Islamabad : Senator Sherry Rehman, in her keynote address at the Institute of Regional Studies on “Pakistan’s Strategic Global Outreach”, said that seismic changes in the region’s security and political landscape are creating a risk-loaded environment driven by hegemonic ambitions from across the border.
“This is a strategic new abnormal attempted to be imposed on South Asia by a hegemonic power next door,” she said. “It is not business as usual — it is a deliberate attempt to normalise dangerous escalations. Pakistan is not dabbling in an imaginary narrative. Our diplomacy is rooted in ground realities and verifiable facts. Narrative alone cannot be the basis of statecraft.”
Senator Sherry Rehman asserted:
“Modi has brought the Gujarat model to all of India, which is a classic case of Moditwa, a beleaguered India. This is a new abnormal. Why? This doctrine openly prioritises confrontation over dialogue. It openly embraces conflict. It wants to identify an enemy within the country and an enemy without. The enemies within are the Muslims and other minorities, and the enemy without is Islamabad.

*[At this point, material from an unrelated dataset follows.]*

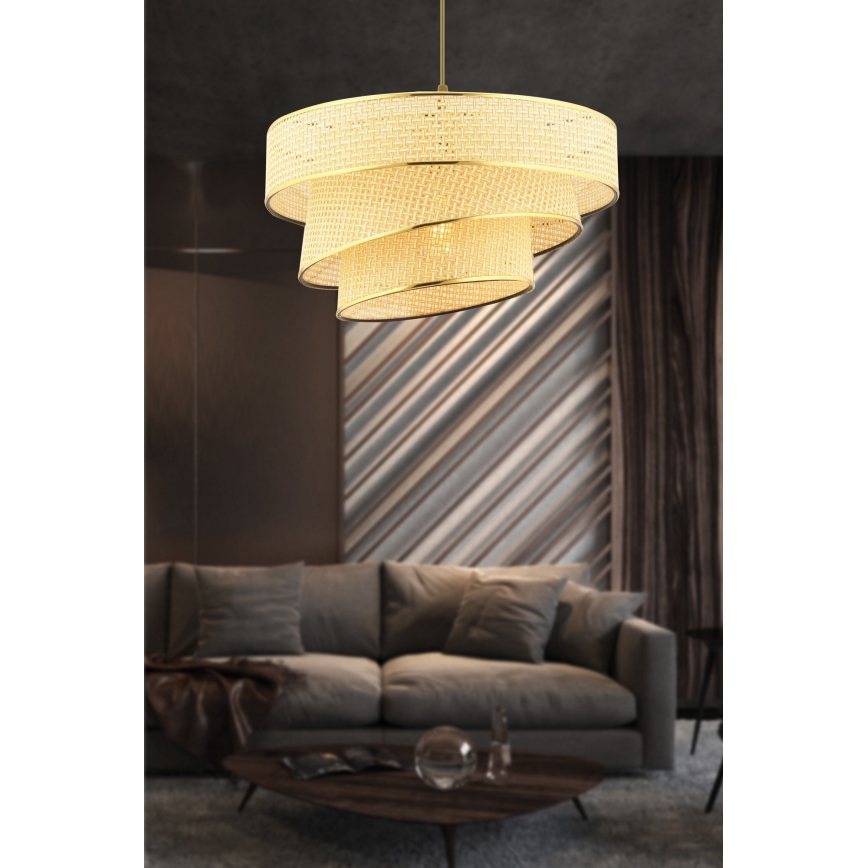 Lustre pendente com cabo COUPER 1xE27/60W/230V bege/dourado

They have used narrative building as a tool for hostile unilateralism in a hyper-charged, nuclearized environment.”
She added four important points to remember:
“First, Modi’s India continues to seek to manipulate terrorism as a domestic and international dog whistle, fomenting and supporting instability inside Pakistan, which is totally unacceptable.
Second, it negates all calls for bilateral or mediated diplomacy as a tool for engagement, which mature countries do, while targeting Pakistan with aggressive calls for isolation across multilateral forums. That is not happening either, which you can see from the USA to China, or the region.
Third, it builds a motive for military action as a coercive tool — from cross-border strikes to air-based attacks. It is not a doctrine based on power, it is a doctrine based on fear.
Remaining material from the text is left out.